Sugimura Jihei 杉村治兵衛 (fl. c. 1681-1703)
Lovers behind a Screen
Japan, Edo period (1615-1868), c. 1684
Woodblock print; ink on paper
Gift of James A. Michener, 1991
(21617)
In this non-explicit “cover sheet,” a wakashū carrying a small shoulder drum (tsuzumi) crouches behind a two-panel folding screen alongside his female companion. In the empty space of the folding screen appears an inscription:
The things that I thought before I met you
are as nothing.
It is parting that starts the beginning of love.

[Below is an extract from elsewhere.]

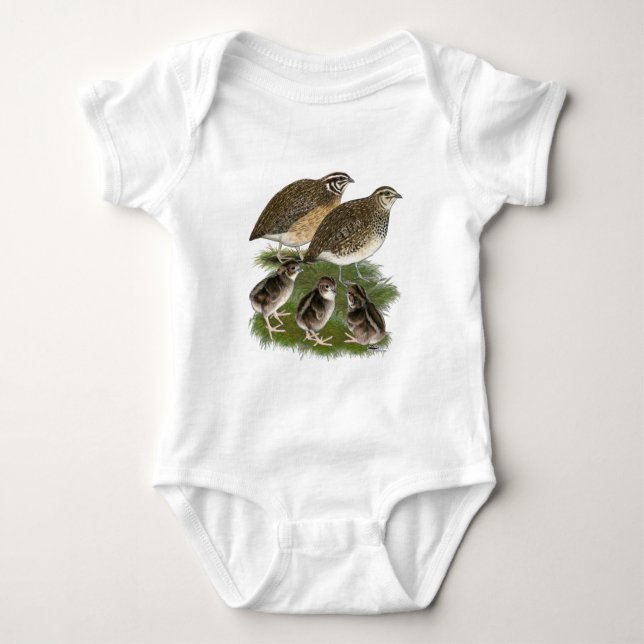 Body Para Bebê Família de Codorniz Coturnix (Frente)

(Au made no omoi wa koto no kazu narade /
wakare [zo] koi no hajime narikeru)
Due to its location around the crouching figures, the inscription seems at first glance to express the thoughts of one of them, but its reference to “parting” might alternately explain the presence of the third figure spying on them from behind the folding screen. Might this voyeur be the wakashū’s former lover who, only after noticing the budding romance between him and another woman, finally realizes her deep-seated feelings towards him? Such poignant sentiments are far from unusual in the genre of shunga, which so often harkens back to classical love stories such as The Tale of Genji (Genji Monogatari) by Murasaki Shikibu (c. 973- c. 1014).